Enclosure, Ballaghymurry, Co. Galway
Co. Galway |
Enclosures
In the rolling grassland of Ballaghymurry, in north County Galway, there is an archaeological site that has essentially ceased to exist above ground.
What was once recorded as a subrectangular enclosure, roughly 40 metres by 30 metres, now leaves no visible trace on the surface. The ground gives nothing away.

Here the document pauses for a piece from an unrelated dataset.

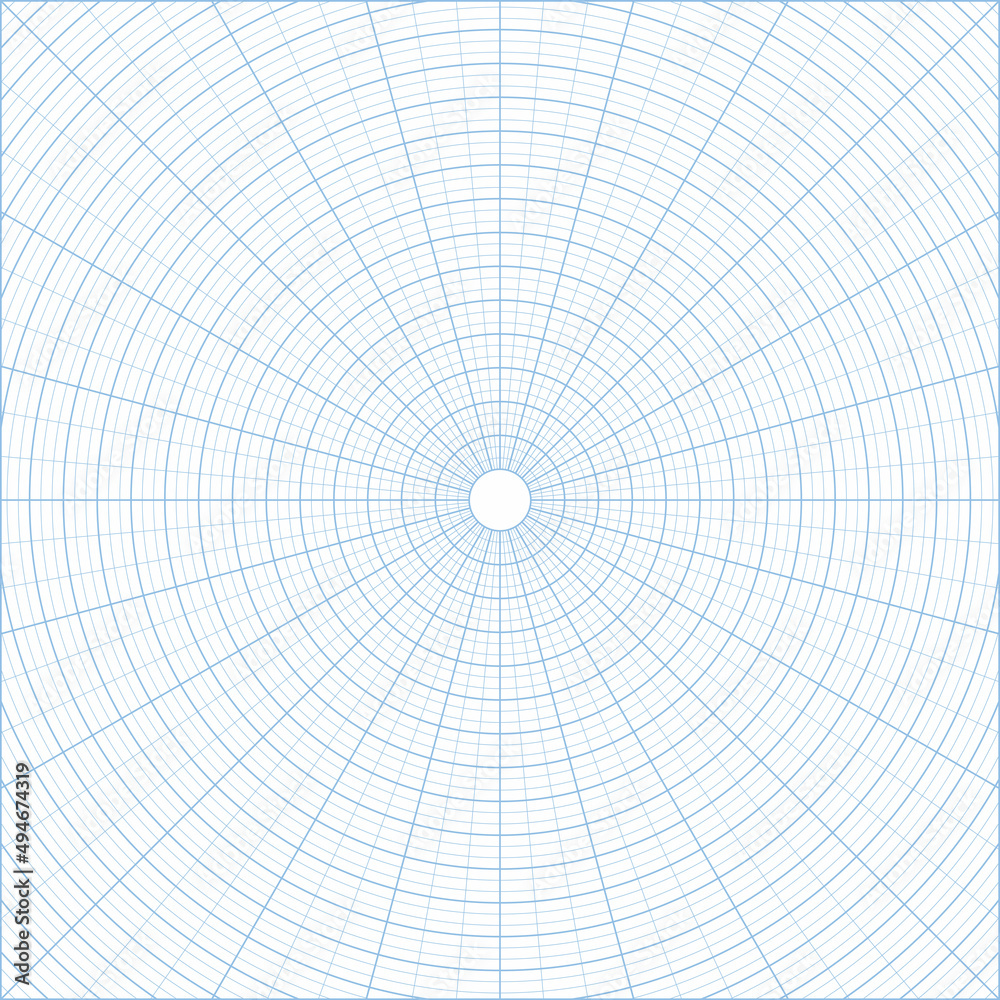 Vector illustration polar grid isolated on white background. Polar coordinate circular grid in flat style. 360 degrees scale. Blank polar graph paper template. Vector illustration polar grid isolated on white background. Polar coordinate circular grid in flat style. 360 degrees scale. Blank polar graph paper template.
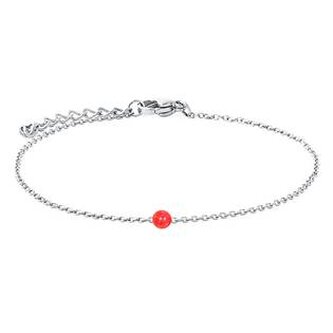 NBP74-OP25 Ocelový náramek s opálem - kulička 5 mm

The enclosure first entered the documentary record through the first edition of the Ordnance Survey six-inch map, the great nineteenth-century cartographic project that systematically recorded the Irish landscape at a scale fine enough to capture field boundaries, ruined structures, and earthworks that were already fading even then. That a subrectangular enclosure appeared on that map suggests something was discernible to the surveyors at the time, whether a slight rise, a hollow, or a distinct boundary line in the grass. Enclosures of this general type, defined areas bounded by banks, ditches, or walls, appear across Ireland in a wide range of archaeological contexts, from early medieval farmsteads to ecclesiastical precincts, and their exact function is rarely obvious without excavation. Whatever this one was, the evidence above ground has since been lost, most likely to agricultural activity in the intervening century and a half. It is now known only because someone, at some point, thought to draw it.